Le porte-parole de l’AFRICOM rappelle quant à lui que “nos deux nations collaborent étroitement pour nos intérêts mutuels dans le cadre de la feuille de route pour la coopération militaire”. Le document, signé en octobre 2020, échelonne des cycles de financement – dont le montant est inconnu – jusqu’en 2030. Du côté tunisien, Sabina Henneberg souligne aussi que l’exécutif, malgré ses velléités affichées de distanciation vis-à-vis de l’Occident, ne dispose que d’une marge de manœuvre limitée : “l’armée tunisienne accorde une grande valeur à l’assistance américaine, et serait certainement contrariée en cas de réduction”.
Si les militaires tunisiens devraient donc continuer à être armés et entraînés par les États-Unis, ces derniers doivent aussi faire face à une opinion publique locale relativement défavorable, surtout depuis le 7 octobre 2023. Difficile par exemple d’envisager un renforcement de la présence physique de militaires américains. “Des soldats américains sont parfois déployés dans les bases militaires tunisiennes, pour assister les opérations en cours”, se contente de commenter l’AFRICOM. Depuis 2021, la présence de militaires américains a ainsi été documentée sur les bases de Ben Ghilouf, mais aussi Sidi Ahmed (gouvernorat de Bizerte).
L’AFRICOM tient à préciser que “il n’y a aucune base militaire américaine en Tunisie, et les États-Unis n'ont actuellement aucun projet en ce sens.”
Entre 2016 et 2020, le déploiement de pilotes de drones américains et la participation de marines à des opérations antiterroristes avait relancé la polémique sur le respect de la “souveraineté tunisienne” , au Parlement et dans l’opinion publique.
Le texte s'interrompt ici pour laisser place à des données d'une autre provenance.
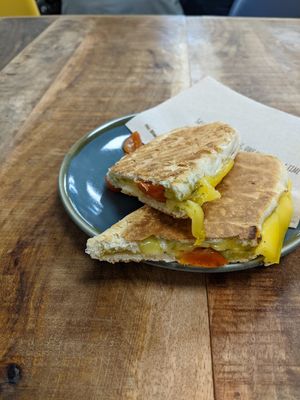 Tomato, cheese and pesto panini at Cuffed-In-Coffee in Holyhead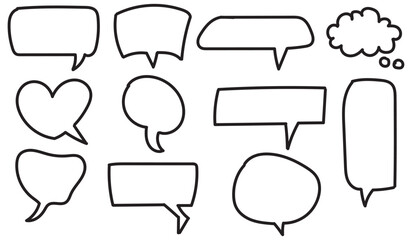 Obraz premium Retro empty comic speech bubbles set with black halftone shadows. Vintage design, pop art style - stock vector.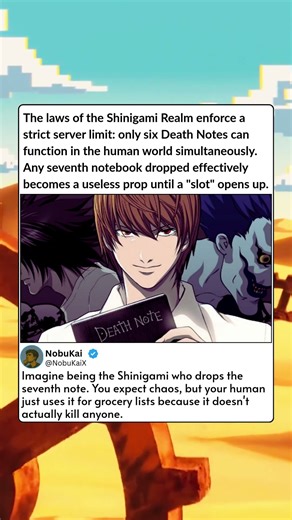 The laws of the Shinigami Realm enforce a strict server limit only six Death Notes can function in t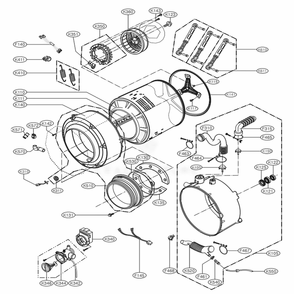 Drum And Tub Assembly Diagram and Parts List for WM2140CW ABWEEUS LG Washer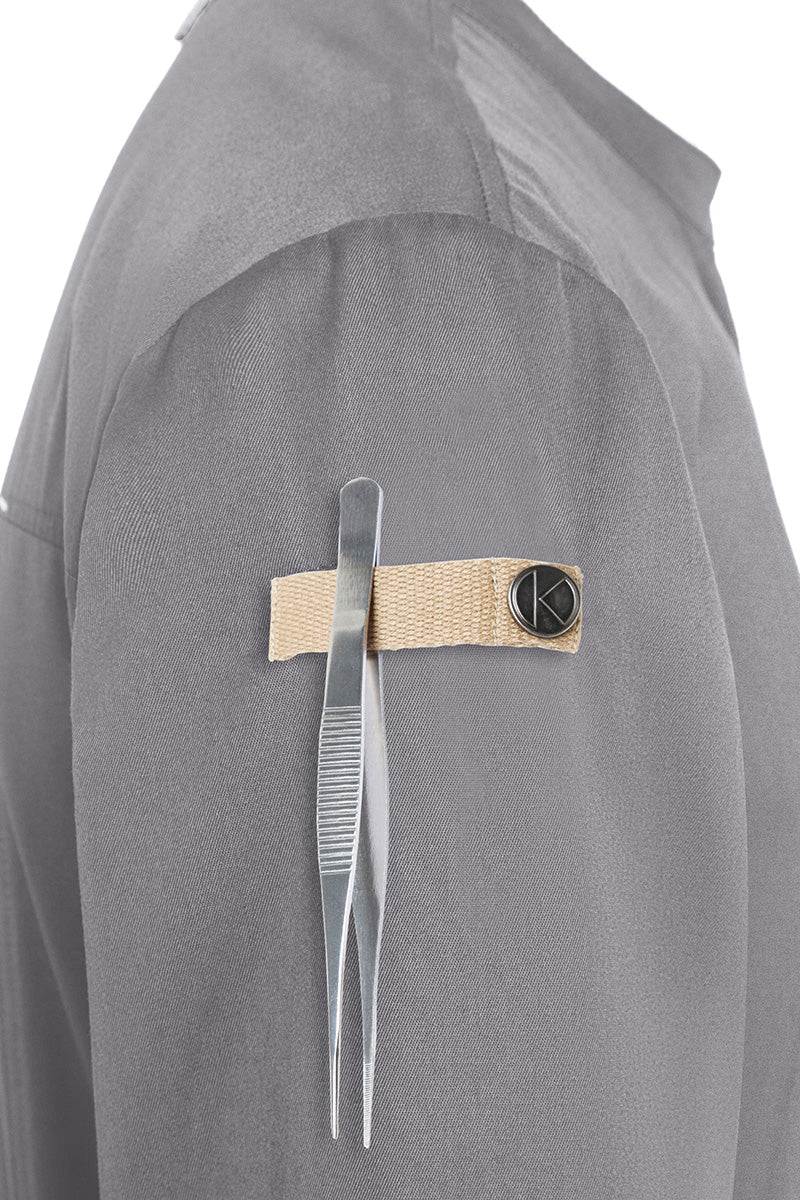 Karlowsky Langarm Herren-Kochjacke Green Generation in platingrau, leicht tailliert JM 35-68-52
Depuis, Mourad Chabbi souligne le fait que l’armée tunisienne “a commandé des drones de fabrication turque, qui répondent parfaitement aux besoins de surveillance”. Le chercheur rappelle aussi que “la situation sécuritaire en Tunisie s’est vraiment stabilisée, tout comme en Libye voisine”. Dans ce contexte, et alors que l’opinion publique tunisienne a exprimé à plusieurs reprises son hostilité vis-à-vis des États-Unis depuis le début de la guerre à Gaza, il est probable que le déploiement de soldats américains en Tunisie reste bien moins important qu’auparavant.